The tablet, found by Henry Layard in the remains of the library in the royal place at Nineveh in the mid-19th century, is thought to be a 700BC copy of notes made by a Sumerian astronomer watching the night sky.
He referred to the asteroid as “white stone bowl approaching” and recorded it as it “vigorously swept along”.
Using computers to recreate the night sky thousands of years ago, scientists have pinpointed his sighting to shortly before dawn on June 29 in the year 3123BC.
About half the symbols on the tablet have survived and half of those refer to the asteroid. The other symbols record the positions of clouds and constellations. In the past 150 years scientists have made five unsuccessful attempts to translate the tablet.
Mark Hempsell, one of the researchers from Bristol University who cracked the tablet’s code, said: “It’s a wonderful piece of observation, an absolutely perfect piece of science.”
He said the size and route of the asteroid meant that it was likely to have crashed into the Austrian Alps at Köfels. As it travelled close to the ground it would have left a trail of destruction from supersonic shock waves and then slammed into the Earth with a cataclysmic impact.

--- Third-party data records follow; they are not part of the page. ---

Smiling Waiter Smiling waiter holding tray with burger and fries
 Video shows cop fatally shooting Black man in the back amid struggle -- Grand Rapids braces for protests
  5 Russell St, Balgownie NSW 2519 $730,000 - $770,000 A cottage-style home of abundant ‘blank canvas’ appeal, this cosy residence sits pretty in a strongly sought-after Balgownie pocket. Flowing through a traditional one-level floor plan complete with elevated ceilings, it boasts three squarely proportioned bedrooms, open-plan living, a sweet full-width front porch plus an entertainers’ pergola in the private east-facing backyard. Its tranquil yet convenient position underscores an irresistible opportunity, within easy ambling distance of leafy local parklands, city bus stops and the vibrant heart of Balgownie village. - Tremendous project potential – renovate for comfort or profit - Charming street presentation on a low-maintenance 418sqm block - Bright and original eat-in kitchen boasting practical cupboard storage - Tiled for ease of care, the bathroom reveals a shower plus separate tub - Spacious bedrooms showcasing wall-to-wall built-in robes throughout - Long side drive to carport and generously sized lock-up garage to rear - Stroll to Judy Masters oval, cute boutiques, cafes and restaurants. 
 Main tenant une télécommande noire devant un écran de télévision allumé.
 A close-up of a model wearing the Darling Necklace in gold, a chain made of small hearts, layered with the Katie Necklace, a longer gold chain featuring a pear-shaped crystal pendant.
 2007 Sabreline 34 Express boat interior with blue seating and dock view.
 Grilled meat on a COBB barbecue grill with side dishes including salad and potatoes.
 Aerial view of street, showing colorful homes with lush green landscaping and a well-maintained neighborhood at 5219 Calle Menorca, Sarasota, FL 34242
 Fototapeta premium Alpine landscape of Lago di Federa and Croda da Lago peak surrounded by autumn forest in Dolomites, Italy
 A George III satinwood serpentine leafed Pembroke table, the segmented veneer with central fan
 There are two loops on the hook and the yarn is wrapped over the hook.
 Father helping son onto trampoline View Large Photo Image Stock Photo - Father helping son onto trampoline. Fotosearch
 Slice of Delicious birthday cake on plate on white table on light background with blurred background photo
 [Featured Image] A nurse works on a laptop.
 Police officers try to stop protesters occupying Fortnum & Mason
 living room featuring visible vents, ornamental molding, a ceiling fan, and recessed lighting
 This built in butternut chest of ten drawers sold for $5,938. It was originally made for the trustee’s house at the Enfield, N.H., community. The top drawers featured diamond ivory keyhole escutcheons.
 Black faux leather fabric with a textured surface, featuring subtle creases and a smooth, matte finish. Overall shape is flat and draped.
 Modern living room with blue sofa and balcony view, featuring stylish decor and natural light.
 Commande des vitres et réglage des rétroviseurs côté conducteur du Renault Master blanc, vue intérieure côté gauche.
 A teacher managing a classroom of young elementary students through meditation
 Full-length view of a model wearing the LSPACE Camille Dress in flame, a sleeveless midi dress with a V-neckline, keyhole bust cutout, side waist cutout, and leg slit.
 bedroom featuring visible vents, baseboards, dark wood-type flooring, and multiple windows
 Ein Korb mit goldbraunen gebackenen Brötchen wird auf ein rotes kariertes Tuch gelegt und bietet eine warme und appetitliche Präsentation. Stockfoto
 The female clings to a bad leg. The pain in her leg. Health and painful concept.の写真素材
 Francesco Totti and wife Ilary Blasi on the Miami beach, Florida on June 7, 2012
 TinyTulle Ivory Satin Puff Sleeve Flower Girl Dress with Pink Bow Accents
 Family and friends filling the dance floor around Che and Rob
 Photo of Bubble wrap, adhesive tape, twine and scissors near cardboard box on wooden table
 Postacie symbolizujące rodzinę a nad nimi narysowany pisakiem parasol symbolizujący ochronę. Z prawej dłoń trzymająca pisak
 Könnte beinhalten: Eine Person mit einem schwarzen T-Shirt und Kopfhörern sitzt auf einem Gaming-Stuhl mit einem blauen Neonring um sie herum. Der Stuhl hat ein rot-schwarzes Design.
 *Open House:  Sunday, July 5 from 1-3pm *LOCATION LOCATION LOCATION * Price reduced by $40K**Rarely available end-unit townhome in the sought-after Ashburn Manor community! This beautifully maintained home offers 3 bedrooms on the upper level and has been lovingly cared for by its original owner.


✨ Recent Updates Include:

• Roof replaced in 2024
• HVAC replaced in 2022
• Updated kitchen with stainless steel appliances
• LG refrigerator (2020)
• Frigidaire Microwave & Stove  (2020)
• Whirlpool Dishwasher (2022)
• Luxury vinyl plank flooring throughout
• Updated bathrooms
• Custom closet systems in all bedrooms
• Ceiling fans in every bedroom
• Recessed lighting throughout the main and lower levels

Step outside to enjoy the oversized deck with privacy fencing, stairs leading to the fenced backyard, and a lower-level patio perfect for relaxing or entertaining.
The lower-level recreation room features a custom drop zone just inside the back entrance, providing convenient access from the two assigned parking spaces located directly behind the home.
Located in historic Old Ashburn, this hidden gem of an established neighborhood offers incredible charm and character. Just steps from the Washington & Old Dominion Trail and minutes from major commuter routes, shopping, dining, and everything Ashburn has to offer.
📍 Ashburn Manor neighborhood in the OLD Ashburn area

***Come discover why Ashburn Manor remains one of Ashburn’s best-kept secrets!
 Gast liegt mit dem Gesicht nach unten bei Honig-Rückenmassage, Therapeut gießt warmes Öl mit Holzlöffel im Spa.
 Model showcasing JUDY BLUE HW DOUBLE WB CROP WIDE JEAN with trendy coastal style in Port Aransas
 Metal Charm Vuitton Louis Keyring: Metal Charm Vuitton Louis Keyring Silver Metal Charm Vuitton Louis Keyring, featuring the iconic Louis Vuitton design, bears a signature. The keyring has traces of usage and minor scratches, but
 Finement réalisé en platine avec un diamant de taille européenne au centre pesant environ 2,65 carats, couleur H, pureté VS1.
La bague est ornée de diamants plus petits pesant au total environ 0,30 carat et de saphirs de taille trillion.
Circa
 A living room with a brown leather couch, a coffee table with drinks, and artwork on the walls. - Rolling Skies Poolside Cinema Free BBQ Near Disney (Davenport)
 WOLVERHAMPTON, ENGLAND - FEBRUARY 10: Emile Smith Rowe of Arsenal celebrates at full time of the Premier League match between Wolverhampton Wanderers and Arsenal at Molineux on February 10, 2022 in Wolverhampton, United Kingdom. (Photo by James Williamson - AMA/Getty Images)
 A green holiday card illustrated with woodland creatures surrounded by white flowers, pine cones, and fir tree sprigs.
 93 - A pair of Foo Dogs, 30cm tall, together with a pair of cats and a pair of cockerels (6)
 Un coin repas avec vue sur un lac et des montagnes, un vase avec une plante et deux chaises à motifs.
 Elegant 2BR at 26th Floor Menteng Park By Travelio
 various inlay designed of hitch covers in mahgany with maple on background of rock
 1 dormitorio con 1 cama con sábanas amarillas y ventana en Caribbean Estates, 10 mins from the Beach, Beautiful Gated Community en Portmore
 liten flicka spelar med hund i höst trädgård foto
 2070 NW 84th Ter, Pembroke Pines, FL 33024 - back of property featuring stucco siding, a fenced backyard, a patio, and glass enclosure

Debris consisting of up to two thirds of the asteroid would have been hurled back along its route and a flash reaching temperatures of 400C (752F) would have been created, killing anyone in its path. About one million sq km (386,000 sq miles) would have been devastated and the impact would have been equivalent to more than 1,000 tonnes of TNT exploding.
Dr Hempsall said that at least 20 ancient myths record devastation of the type and on the scale of the asteroid’s impact, including the Old Testament tale of the destruction of Sodom and Gomorrah and the Ancient Greek myth of how Phaeton, son of Helios, fell into the River Eridanus after losing control of his father’s sun chariot.
The findings of Dr Hempsall and Alan Bond, of Reaction Engines Ltd, are published in a book, A Sumerian Observation of the Köfels’ Impact Event.
The researchers say that the asteroid’s impact would explain why at Köfels there is evidence of an ancient landslide 5km wide and 500m thick.
I dunno ... I have a strange feeling about this one. I'm not sure how a computer can determine an asteroid in the night sky 5000 years ago. I'm not sure how one determines something is a 700 B.C. copy of something two and a half millennia before that (which would be at the 'beginning' of cuneiform writing, and in a different form/style). I am automatically skeptical when we're told someone has 'cracked the code' of something ancient ... cf. the coverage in the Telegraph, which seems a bit less sensational but still invites skepticism ...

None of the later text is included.